February 2, 1925.
Practice, C. P. — Cause of action — Assumpsit — Trespass — Prior judgment — Res judicata — Waiver — Pleas in abatement — Affidavit of defense — Speaking demurrer — Act of May 14, 1915, P. L. 483.
1. Causes of action for assumpsit and trespass cannot properly be joined in a single statement of claim.
2. Failure to object to such improper joinder operates as a waiver of the right to do so.
3. Pleas in abatement are expressly abolished by section 3 of the Practice Act of May 14, 1915, P. L. 483.
4. Where a defendant intends to raise the legal issue that the statement of claim does not show a cause of action, he should not, in that affidavit of defense, allege any issue of fact.
5. Judgment cannot be entered for defendant, on issues of law raised in an affidavit of defense, except for a substantial defect in the statement itself.
6. Where a statement of claim does not refer to a prior suit between the same parties, judicial notice cannot be taken of it, for the purpose of entering a summary judgment, even though it was in the same court.
7. Questions of law raised in an affidavit of defense operate as a statutory demurrer, and now, as heretofore, speaking demurrers are bad and must be overruled.
8. Whether or not a prior judgment between the same parties, will, on the principle of res adjudicata, conclusively determine any of the issues raised in a new proceeding, can only be decided on a trial of those issues.
9. On such a trial, the court, aided by the jury if there is a material dispute, will determine this issue by a consideration of the prior judgment as offered in evidence, and of such other extrinsic evidence, if any, as may be produced, in order to show what questions were actually adjudicated in the earlier proceeding.
Appeals — Interlocutory judgment — Quashing appeal.
10. A judgment is interlocutory unless all the pending issues are determined thereby.
11. If counsel for appellee do not move to quash an appeal from a judgment which does not determine all the pending issues, the Supreme Court may quash it, without any motion being made, or may make such other disposition of the case as will be of the greatest benefit to the litigants.
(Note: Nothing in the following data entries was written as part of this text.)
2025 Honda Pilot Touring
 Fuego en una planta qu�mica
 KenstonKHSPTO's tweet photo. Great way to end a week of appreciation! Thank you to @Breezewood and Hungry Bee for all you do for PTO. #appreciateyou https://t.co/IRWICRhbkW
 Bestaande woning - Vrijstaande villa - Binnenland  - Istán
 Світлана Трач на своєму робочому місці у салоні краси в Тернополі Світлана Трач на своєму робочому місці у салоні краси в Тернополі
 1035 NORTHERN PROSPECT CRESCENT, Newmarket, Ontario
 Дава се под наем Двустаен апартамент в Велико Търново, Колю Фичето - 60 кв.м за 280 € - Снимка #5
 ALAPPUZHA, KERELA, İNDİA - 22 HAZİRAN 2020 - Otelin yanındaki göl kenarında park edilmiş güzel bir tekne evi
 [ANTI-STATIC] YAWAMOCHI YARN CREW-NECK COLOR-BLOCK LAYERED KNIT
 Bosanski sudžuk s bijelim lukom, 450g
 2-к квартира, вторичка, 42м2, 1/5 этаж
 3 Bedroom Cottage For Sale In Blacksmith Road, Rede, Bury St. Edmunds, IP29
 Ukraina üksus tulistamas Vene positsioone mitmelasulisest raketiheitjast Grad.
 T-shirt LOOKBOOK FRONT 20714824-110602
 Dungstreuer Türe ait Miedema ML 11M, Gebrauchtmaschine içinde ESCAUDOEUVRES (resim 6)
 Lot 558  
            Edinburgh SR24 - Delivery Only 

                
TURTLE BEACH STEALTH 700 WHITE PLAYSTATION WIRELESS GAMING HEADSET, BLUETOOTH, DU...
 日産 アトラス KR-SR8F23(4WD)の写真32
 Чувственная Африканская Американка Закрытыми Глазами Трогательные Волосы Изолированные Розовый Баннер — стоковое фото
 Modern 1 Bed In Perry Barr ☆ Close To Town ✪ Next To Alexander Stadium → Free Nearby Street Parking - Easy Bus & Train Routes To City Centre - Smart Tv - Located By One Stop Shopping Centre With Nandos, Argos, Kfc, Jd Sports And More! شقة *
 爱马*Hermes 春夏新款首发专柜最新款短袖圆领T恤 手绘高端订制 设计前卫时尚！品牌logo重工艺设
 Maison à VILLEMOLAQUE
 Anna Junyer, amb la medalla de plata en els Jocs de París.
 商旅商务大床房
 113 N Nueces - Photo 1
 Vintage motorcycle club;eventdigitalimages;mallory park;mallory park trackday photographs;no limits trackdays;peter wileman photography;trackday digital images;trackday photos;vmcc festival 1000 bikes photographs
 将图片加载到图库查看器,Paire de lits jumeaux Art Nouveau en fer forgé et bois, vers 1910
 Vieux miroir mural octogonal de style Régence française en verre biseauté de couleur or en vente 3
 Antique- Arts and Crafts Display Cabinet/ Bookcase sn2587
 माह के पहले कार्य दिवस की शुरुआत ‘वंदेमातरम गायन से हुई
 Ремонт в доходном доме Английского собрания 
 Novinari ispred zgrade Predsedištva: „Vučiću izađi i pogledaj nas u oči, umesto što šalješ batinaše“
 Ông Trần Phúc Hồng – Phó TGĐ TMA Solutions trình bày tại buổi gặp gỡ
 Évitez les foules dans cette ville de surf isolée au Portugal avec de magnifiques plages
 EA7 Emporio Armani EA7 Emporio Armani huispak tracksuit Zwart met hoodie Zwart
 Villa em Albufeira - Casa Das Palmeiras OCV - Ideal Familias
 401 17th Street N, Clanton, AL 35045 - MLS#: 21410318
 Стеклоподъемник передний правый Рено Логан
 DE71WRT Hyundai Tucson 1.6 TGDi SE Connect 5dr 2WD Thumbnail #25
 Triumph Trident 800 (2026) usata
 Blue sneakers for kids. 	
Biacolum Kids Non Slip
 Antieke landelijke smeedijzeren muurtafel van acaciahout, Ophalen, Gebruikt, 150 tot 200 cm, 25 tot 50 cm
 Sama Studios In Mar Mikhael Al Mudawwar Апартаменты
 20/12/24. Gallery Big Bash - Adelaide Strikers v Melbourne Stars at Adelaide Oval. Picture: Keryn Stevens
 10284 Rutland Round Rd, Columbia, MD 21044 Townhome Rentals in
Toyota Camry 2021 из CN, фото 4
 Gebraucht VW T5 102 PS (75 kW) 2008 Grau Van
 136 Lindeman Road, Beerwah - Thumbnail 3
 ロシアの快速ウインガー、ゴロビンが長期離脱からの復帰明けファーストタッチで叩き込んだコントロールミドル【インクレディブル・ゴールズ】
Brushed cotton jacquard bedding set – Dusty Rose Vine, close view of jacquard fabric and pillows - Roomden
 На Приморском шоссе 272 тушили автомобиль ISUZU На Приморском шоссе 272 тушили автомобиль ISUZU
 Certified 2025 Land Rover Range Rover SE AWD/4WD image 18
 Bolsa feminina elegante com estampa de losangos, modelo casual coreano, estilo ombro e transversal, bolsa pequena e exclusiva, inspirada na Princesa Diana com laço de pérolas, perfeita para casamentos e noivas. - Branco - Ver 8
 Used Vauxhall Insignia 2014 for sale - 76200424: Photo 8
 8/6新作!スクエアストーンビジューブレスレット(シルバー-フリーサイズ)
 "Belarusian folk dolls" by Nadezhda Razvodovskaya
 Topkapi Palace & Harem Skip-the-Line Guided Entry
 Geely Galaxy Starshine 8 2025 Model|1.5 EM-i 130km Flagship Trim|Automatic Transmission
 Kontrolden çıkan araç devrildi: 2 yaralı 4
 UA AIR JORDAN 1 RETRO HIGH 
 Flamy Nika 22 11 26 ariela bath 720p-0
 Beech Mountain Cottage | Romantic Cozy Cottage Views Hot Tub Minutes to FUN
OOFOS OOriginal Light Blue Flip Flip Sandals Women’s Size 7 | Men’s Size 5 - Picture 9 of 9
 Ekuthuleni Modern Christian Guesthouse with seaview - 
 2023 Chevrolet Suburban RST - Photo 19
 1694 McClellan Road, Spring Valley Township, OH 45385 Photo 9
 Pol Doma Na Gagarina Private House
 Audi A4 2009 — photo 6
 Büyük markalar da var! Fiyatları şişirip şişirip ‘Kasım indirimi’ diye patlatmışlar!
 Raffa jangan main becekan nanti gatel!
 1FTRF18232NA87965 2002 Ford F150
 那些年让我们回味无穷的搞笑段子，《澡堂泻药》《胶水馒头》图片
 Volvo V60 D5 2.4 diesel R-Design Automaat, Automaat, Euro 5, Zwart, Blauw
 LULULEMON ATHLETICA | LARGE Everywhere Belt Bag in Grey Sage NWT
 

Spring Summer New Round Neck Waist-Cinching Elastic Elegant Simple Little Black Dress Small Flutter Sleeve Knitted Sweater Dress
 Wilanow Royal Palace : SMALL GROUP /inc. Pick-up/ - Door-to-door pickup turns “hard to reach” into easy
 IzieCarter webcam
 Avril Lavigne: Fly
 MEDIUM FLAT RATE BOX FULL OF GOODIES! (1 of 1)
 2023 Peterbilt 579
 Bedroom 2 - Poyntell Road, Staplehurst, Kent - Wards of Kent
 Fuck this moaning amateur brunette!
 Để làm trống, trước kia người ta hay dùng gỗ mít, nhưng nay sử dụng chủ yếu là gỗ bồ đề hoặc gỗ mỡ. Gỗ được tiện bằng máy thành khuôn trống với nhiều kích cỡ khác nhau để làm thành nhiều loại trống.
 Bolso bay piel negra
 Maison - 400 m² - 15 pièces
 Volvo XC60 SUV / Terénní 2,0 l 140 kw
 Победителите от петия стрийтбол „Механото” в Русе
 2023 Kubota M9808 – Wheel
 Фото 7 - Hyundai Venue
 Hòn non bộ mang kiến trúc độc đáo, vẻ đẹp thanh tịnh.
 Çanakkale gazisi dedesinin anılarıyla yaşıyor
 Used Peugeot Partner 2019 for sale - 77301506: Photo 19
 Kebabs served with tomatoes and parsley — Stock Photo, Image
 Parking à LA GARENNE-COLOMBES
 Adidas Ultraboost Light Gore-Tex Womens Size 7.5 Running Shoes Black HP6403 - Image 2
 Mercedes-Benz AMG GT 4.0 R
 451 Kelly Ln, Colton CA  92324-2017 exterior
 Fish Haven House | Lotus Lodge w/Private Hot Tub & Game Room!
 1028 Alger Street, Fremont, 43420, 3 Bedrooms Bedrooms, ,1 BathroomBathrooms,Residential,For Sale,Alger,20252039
Appeals — Rule 45 — Printing record — Act of May 11, 1911, P. L. 279 — Exception to judgment — Amendment.
12. Except as expressly required by Rule 45 of the Supreme Court, only so much of the record is to be printed as has a bearing on the questions raised by the assignments of error.
13. Rule 55 of this court relates only to printing the evidence produced on the trial of the case which is appealed. The court below cannot require or excuse the printing of anything except as specified by Rule 55 and the Act of May 11, 1911, P. L. 279, referred to in that rule.
14. Where an assignment of error does not quote the exception which was in fact taken to the judgment, the appellate court may treat the record as amended, especially where no motion to quash is made.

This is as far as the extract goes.